An important factor that limits the field of skeletal mechanobiology is the lack of devices suitable for studying mechanosensitive signaling pathways. In most previous studies, cell lines have been subjected to unidirectional or oscillatory fluid flow.[224] Cell lines can also be seeded in a culture dish with a retractable bottom to apply tension and squeezing force[225] or in a gel to apply compression force.[226] Such conditions may not reflect the in vivo mechanical environment, and most of the present studies are based on observations in 2D systems. Some 3D structures or scaffolds, including multivacancy structures made of collagen, hydroxyapatite substrates, and synthetic materials, which partially simulate the physiological environment, are used in bone cell research.

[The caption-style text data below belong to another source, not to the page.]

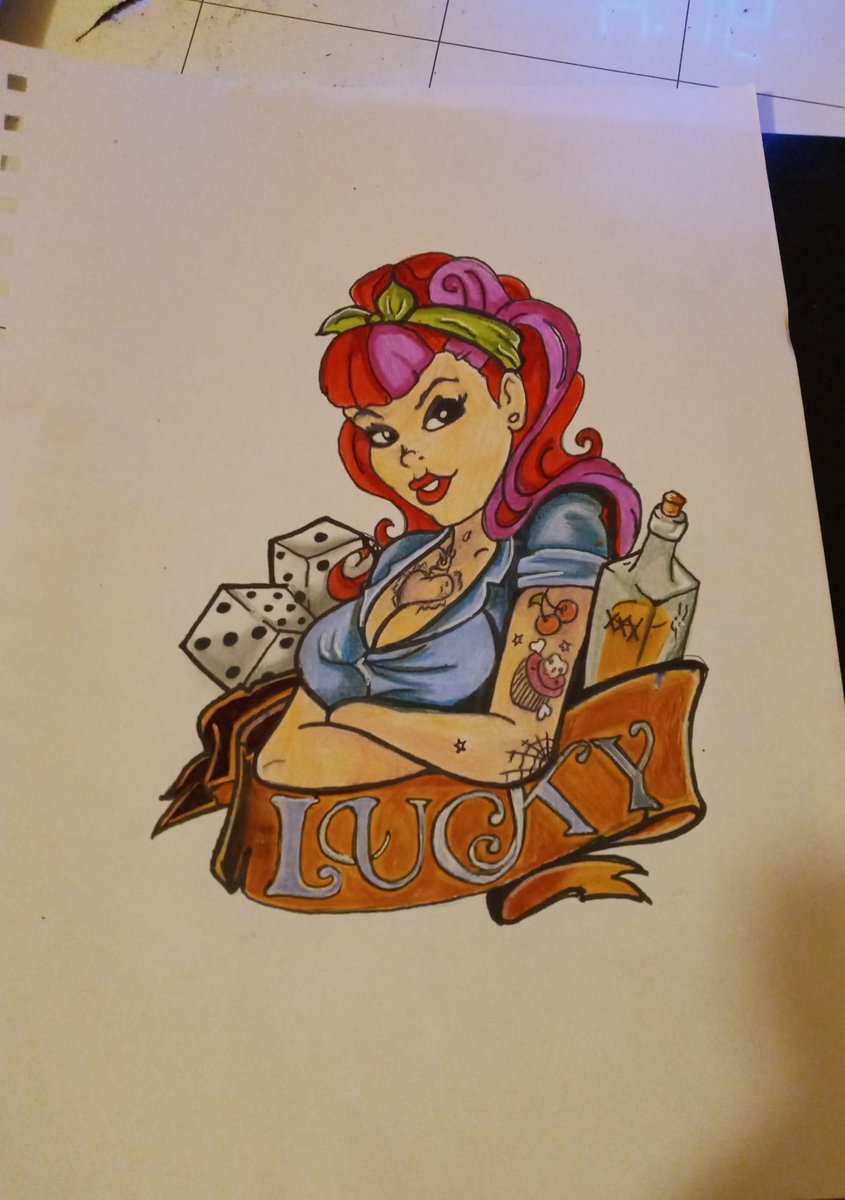 💯% satisfied with my new #Luckydesign #logo had to add the right darks and whites but oct last year is when i drew this #Finished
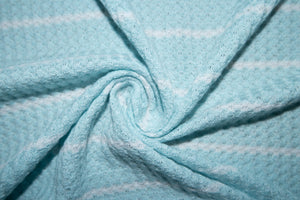 Baby Blue Waffle Sweater Knit #45 Yarn Dyed Poly Rayon Spandex 210 GSM Medium Weight 58"-60" Wide By The Yard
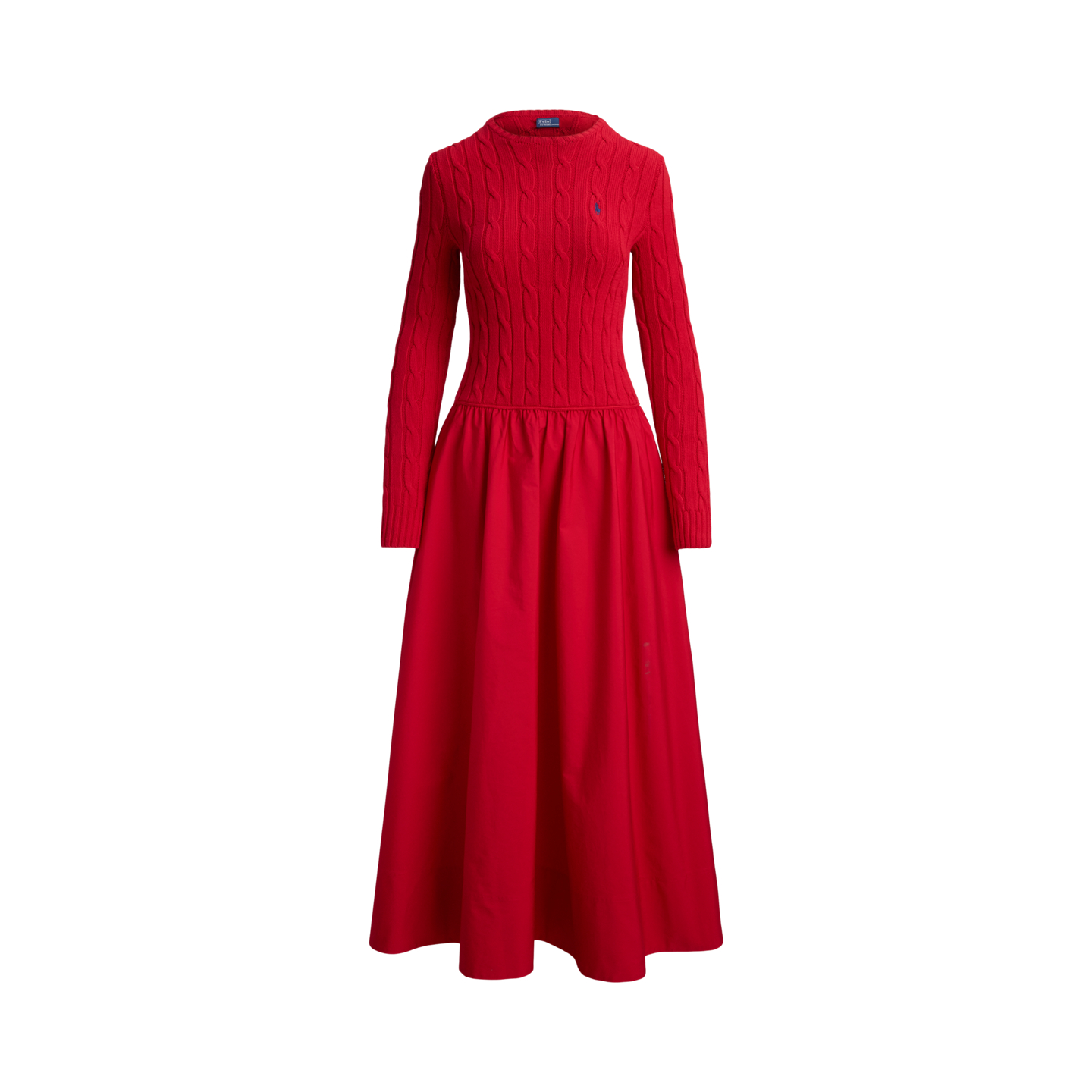 Женское платье Polo Ralph Lauren Cable-Knit Bodice Cotton, цвет: Красный — фото 5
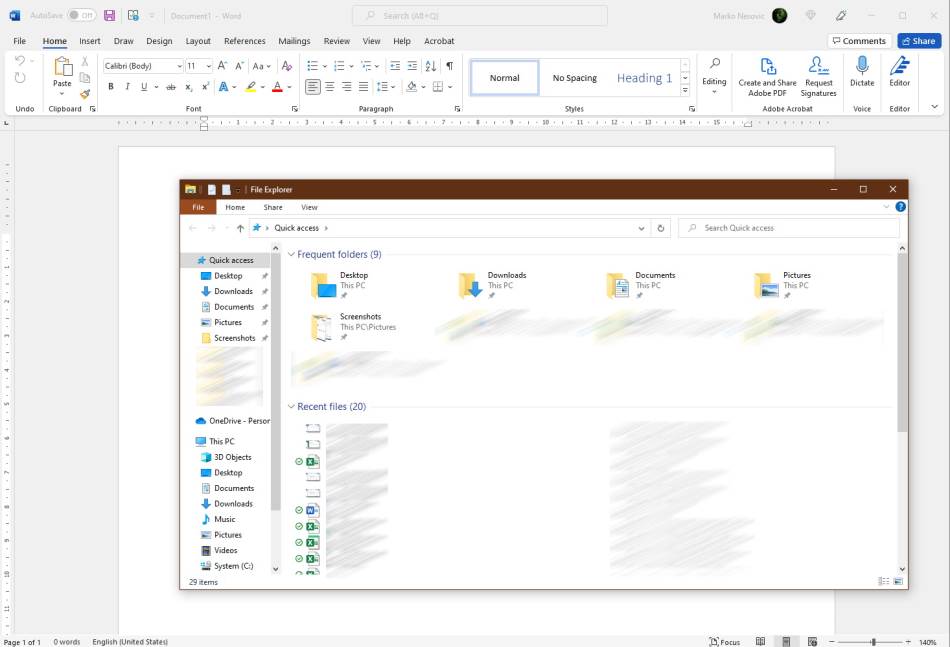 Windows i Word prozori sa drugačijim temama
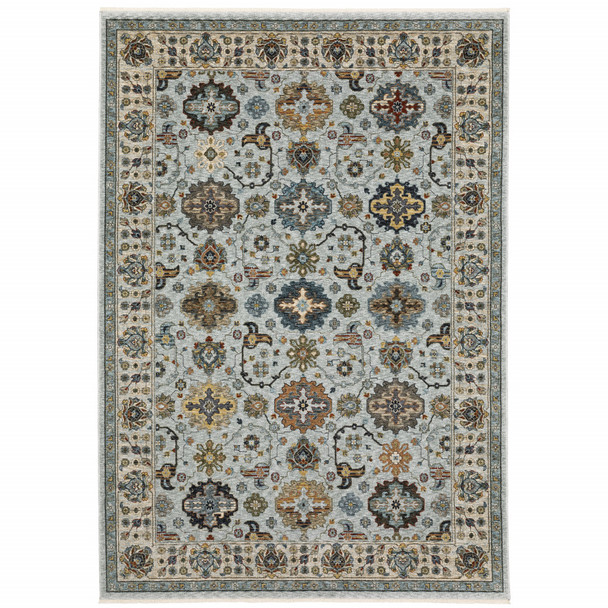 5' X 8' Blue Beige Grey Green Yellow And Rust Oriental Power Loom Stain Resistant Area Rug With Fringe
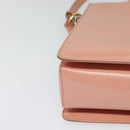 Salvatore Ferragamo Vala Hand Bag Leather 2way Pink Gold Auth 130110-12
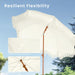 7Ft Fringe Beach Umbrella White with Sand Anchor, Outdoor Patio White Portable Beach Umbrella for Sand with Tassels, Push Button Tilt & Carrying Bag, UPF 50+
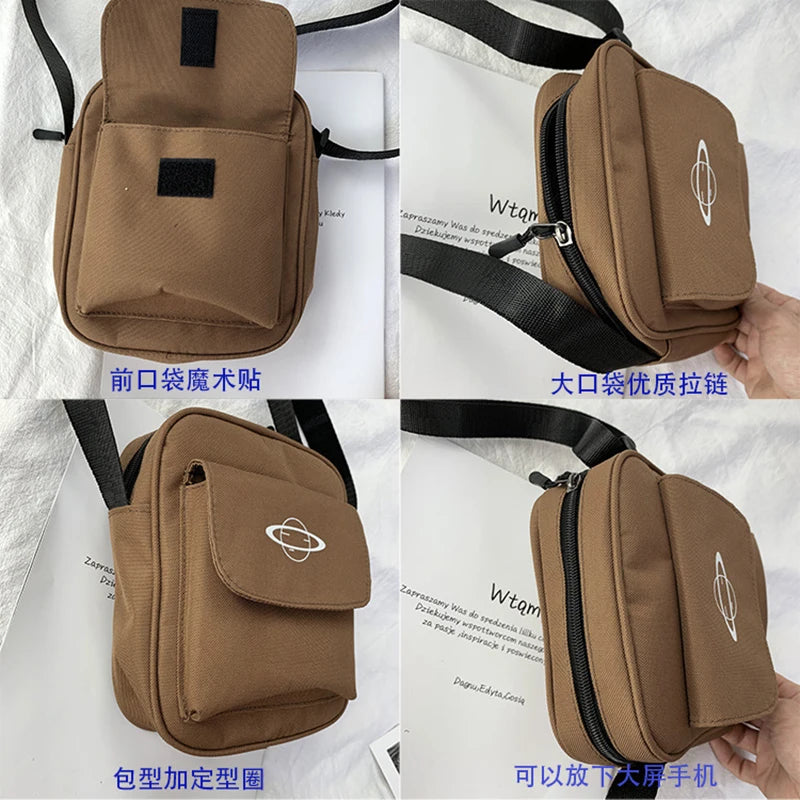 Women Canvas Shoulder Bag Small Cotton Messenger Crossbody Purse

Simulated microgravity is achieved by slow-rotating wall vessels (SRWVs), random positioning machines (RPMs), and 3D clinostats,[227,228] mainly based on a rotating fluid environment. In animal models, mechanical loading and unloading can be achieved by cyclic pressure on long bones, different exercise devices, and tail suspension.[229,230] Nevertheless, these models alone are not enough to ultimately determine the changes in cell morphology, genes, and hormones in a weightless environment. The true microgravity environment relies on the support of the International Space Station. Recently, several studies on spaceflight have used systemic analysis to clarify changes in multiple dimensions from metabolism to genetics or epigenetics in various tissues and cells. These studies provide new insights into the environment of outer space, including radiation and microgravity, and the way it affects biological and physiological states.[231-234] Support from the aerospace agency will continue to help uncover more solid, physiologically accurate findings on skeletal mechanobiology.